- RECORDS FOR PROCESSING
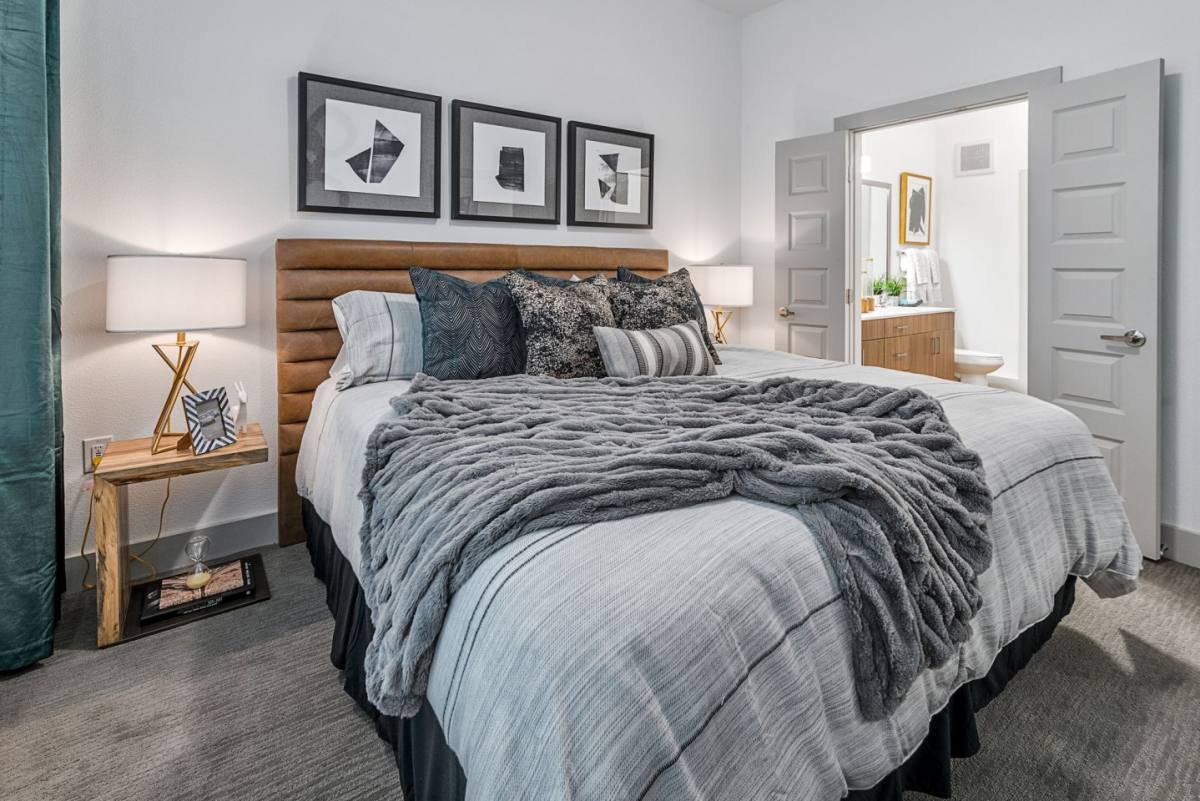 Apartment for rent at The Crosby, 400 S Hall St, Dallas, TX 75226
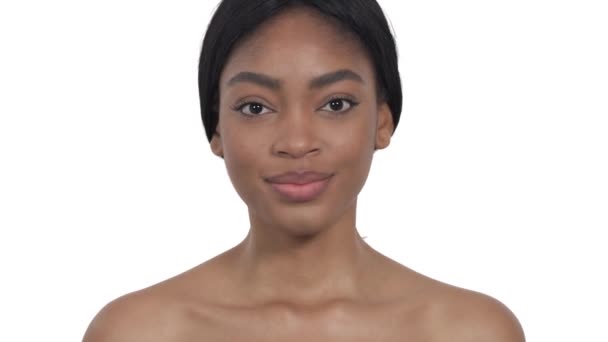 Afrikai Gyönyörű Mosollyal Alkalmazása Arc Pirosító Por Segítségével Kozmetikai Kefe — Stock videók
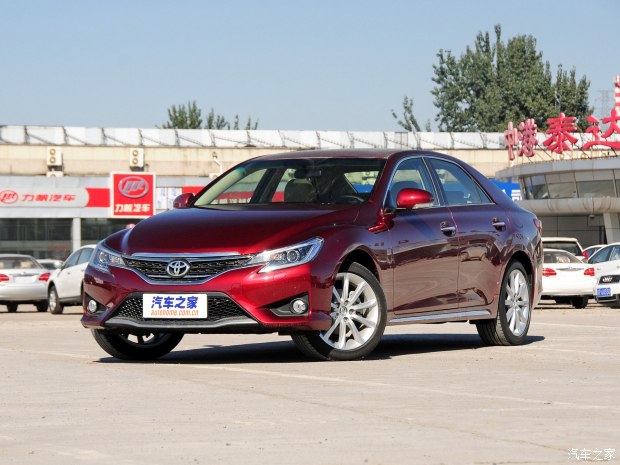 丰田锐志2013款2.5v油耗解析,实测数据与省油技巧 丰田锐志2013款2.5v油耗解析,实测数据与省油技巧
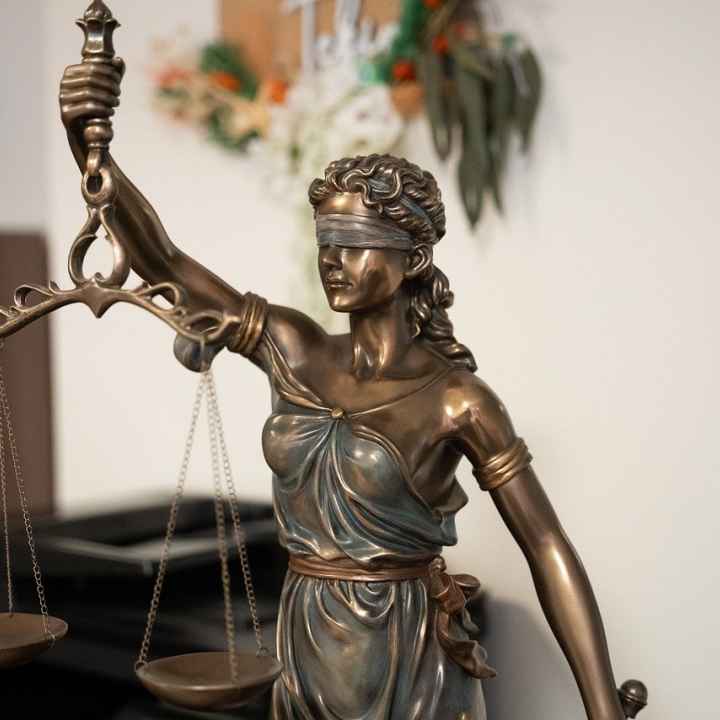 statue of lady justice and her scales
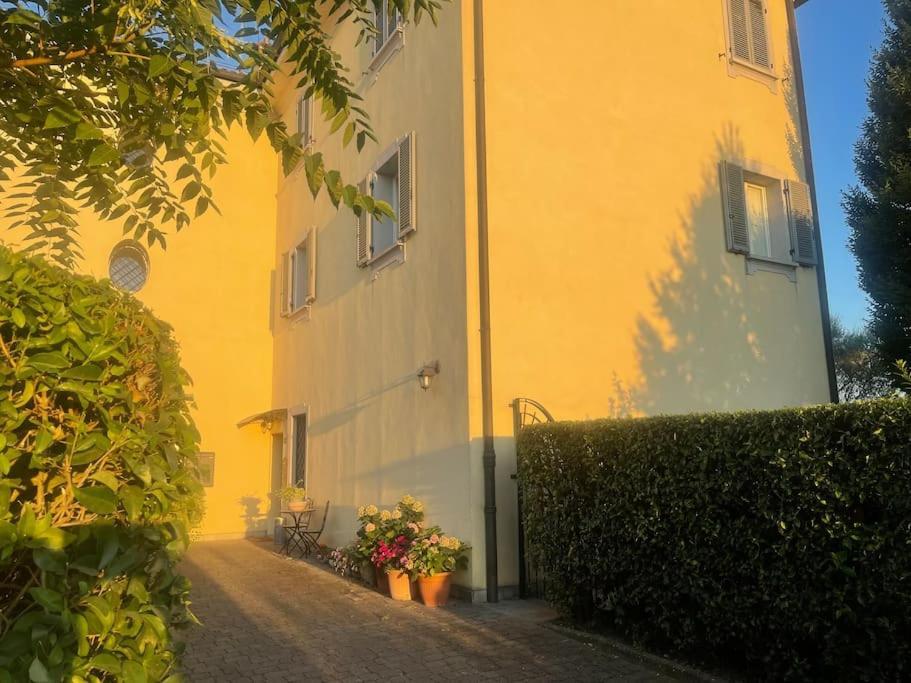 Appartamento Moderno In Tenuta Melloni Anzola dell'Emilia Luaran gambar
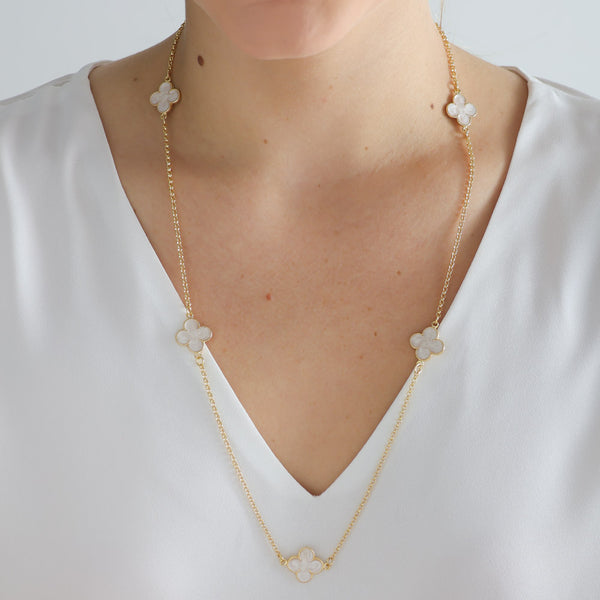 Colar Longo com Trevo perolado - COL 0276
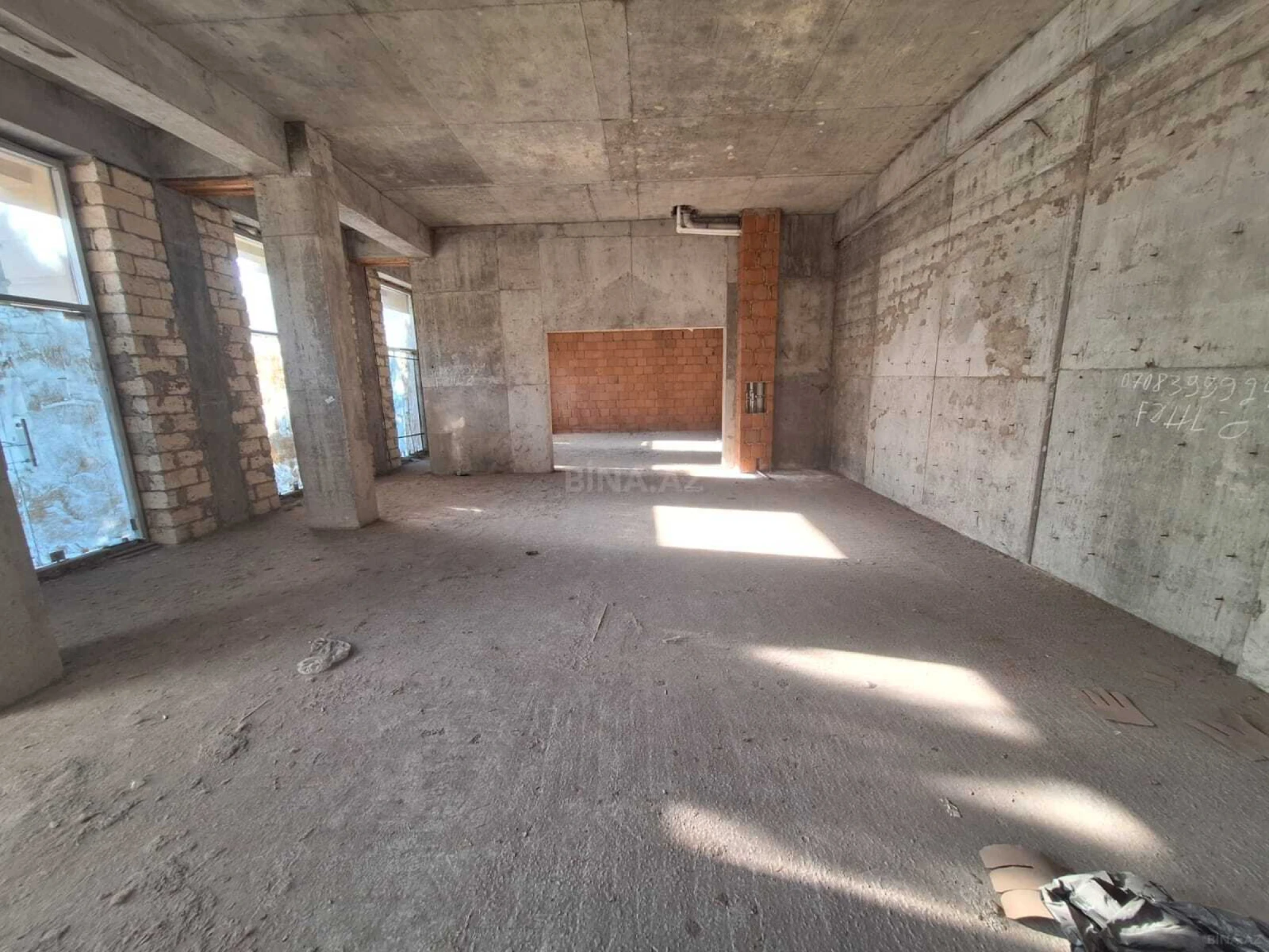 Kirayə verilir obyekt 1000 m²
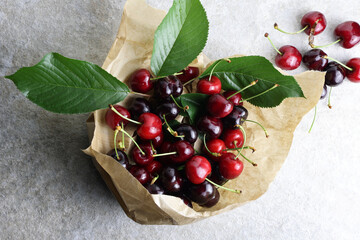 Ciliegie dolci, fresche e mature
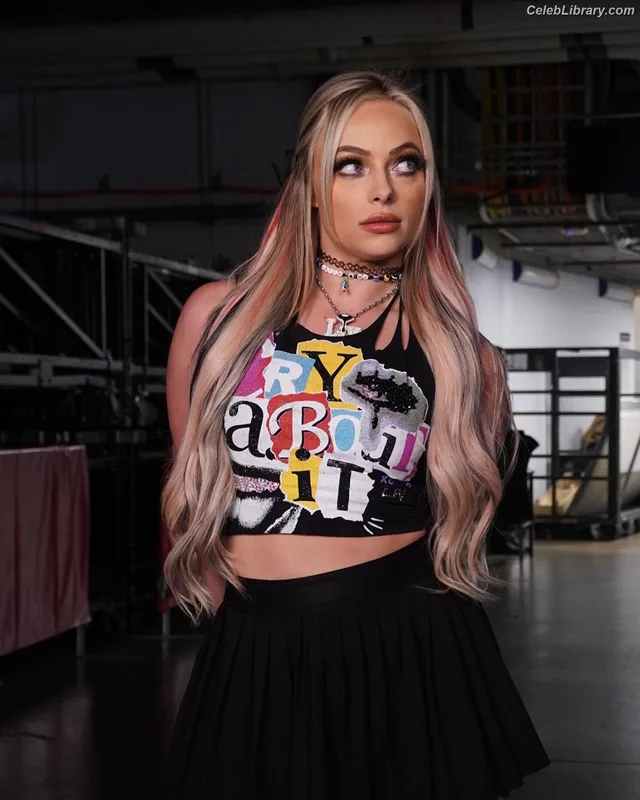 Liv Morgan photo 10 of 1800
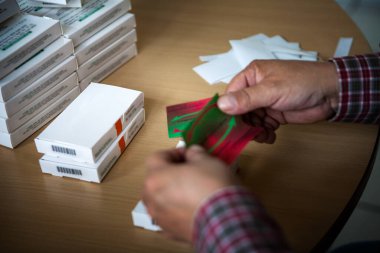 Preparation of kit in pharmacies in exchange for the recovery of used drug equipment.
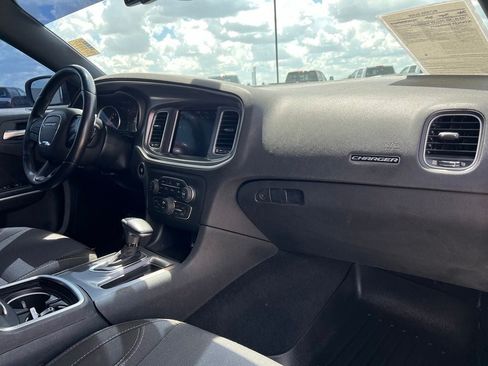 Used 2020 Dodge Charger SXT AWD/4WD image 26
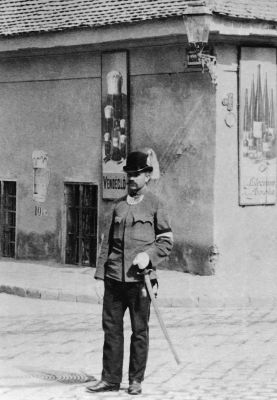 Posztol� rend�r a N�dor utc�ban egy kocsma el�tt 1896 k�r�l. R�szlet Kl�sz Gy�rgy felv�tel�b�l, Budapesti T�rt�neti M�zeum Kiscelli M�zeum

- WORK REQUIRED
The required output is the exact lines from the opening line of the entries through the line with "Ciliegie dolci, fresche e mature", inclusive, without pictures.

- SOLVED PROBLEM
 Apartment for rent at The Crosby, 400 S Hall St, Dallas, TX 75226
 Afrikai Gyönyörű Mosollyal Alkalmazása Arc Pirosító Por Segítségével Kozmetikai Kefe — Stock videók
 丰田锐志2013款2.5v油耗解析,实测数据与省油技巧 丰田锐志2013款2.5v油耗解析,实测数据与省油技巧
 statue of lady justice and her scales
 Appartamento Moderno In Tenuta Melloni Anzola dell'Emilia Luaran gambar
 Colar Longo com Trevo perolado - COL 0276
 Kirayə verilir obyekt 1000 m²
 Ciliegie dolci, fresche e mature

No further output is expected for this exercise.